• _Records for the exercise_:
○ ○ ○ ○
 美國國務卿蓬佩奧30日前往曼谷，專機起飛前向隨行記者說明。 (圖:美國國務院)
○ ○ ○ ○
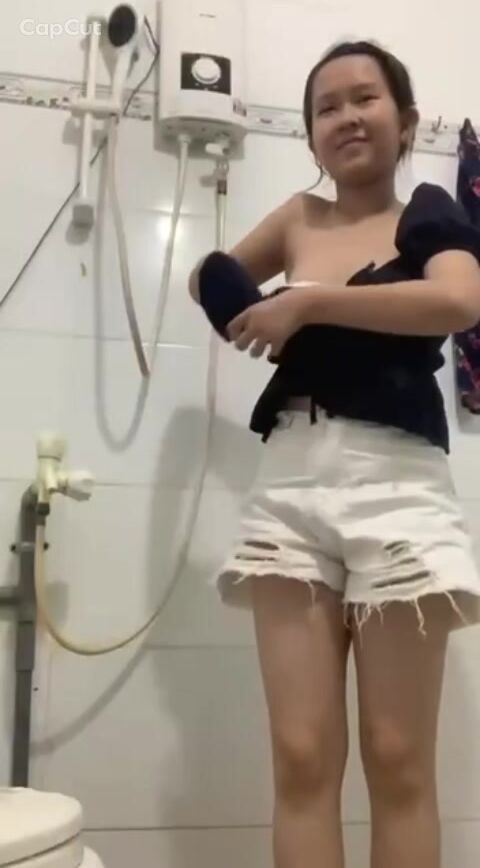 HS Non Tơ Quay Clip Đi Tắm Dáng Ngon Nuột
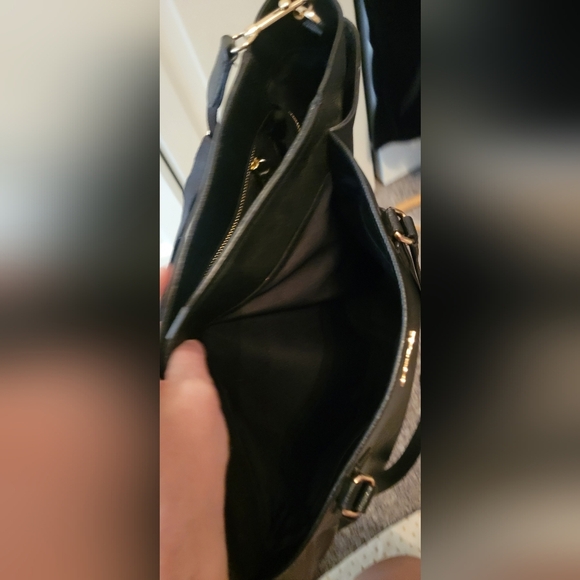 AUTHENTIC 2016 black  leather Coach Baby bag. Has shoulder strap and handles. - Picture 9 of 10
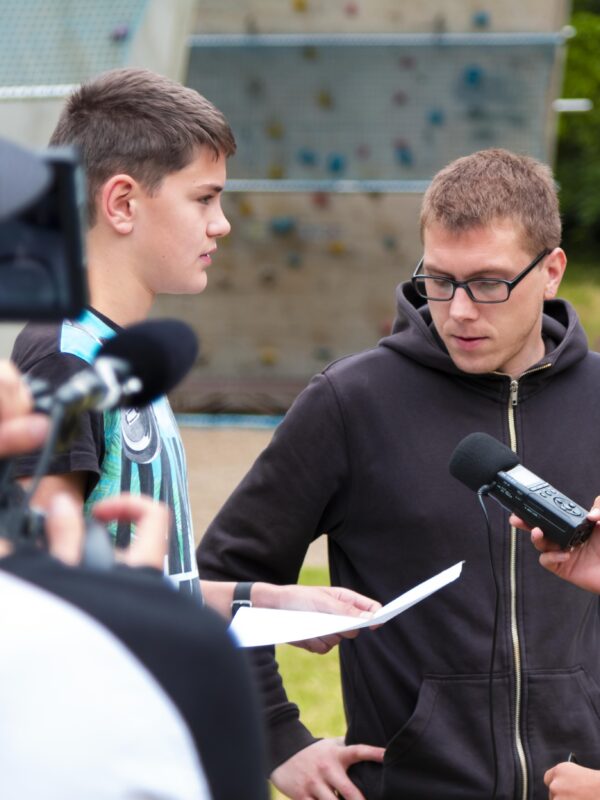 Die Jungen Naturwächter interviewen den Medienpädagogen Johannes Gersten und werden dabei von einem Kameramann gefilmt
○ ○ ○ ○
Print from the line containing "AUTHENTIC 2016 black" through the line containing "Die Jungen Naturwächter" in the data above, exactly as the lines stand, and omit every picture.

 AUTHENTIC 2016 black  leather Coach Baby bag. Has shoulder strap and handles. - Picture 9 of 10
 Die Jungen Naturwächter interviewen den Medienpädagogen Johannes Gersten und werden dabei von einem Kameramann gefilmt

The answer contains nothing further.